Records drawn from a dataset:
————

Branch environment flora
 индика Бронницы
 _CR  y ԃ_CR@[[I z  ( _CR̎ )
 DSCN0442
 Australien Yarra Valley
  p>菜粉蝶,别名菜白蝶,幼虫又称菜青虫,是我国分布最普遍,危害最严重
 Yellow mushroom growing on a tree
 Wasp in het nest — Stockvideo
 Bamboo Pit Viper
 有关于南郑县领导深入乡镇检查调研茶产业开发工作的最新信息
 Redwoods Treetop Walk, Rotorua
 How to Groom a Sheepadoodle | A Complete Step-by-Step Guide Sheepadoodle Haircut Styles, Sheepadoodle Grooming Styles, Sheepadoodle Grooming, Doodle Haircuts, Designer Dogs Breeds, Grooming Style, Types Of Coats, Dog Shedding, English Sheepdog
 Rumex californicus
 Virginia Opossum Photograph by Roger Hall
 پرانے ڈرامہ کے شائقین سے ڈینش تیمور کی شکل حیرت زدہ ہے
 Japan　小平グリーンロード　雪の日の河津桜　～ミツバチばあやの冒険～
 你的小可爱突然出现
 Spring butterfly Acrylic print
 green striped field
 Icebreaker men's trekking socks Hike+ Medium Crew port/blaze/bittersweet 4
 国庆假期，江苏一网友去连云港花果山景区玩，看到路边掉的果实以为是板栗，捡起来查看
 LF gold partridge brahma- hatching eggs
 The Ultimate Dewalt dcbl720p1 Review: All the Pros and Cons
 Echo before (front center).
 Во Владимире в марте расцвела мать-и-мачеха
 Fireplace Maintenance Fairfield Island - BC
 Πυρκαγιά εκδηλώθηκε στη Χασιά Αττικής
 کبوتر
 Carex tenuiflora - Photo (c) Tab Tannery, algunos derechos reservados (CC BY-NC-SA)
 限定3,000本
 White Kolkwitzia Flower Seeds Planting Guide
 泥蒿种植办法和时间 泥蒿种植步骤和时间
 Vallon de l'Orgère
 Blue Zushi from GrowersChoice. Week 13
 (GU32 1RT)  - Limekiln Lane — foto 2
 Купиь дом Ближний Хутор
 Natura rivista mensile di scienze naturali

————

**PROBLEM TO SOLVE**
Copy, please, every line from the start of the entries down to the line that holds "有关于南郑县领导深入乡镇检查调研茶产业开发工作的最新信息", with both of those lines included and no others.

**FINAL ANSWER**
Branch environment flora
 индика Бронницы
 _CR  y ԃ_CR@[[I z  ( _CR̎ )
 DSCN0442
 Australien Yarra Valley
  p>菜粉蝶,别名菜白蝶,幼虫又称菜青虫,是我国分布最普遍,危害最严重
 Yellow mushroom growing on a tree
 Wasp in het nest — Stockvideo
 Bamboo Pit Viper
 有关于南郑县领导深入乡镇检查调研茶产业开发工作的最新信息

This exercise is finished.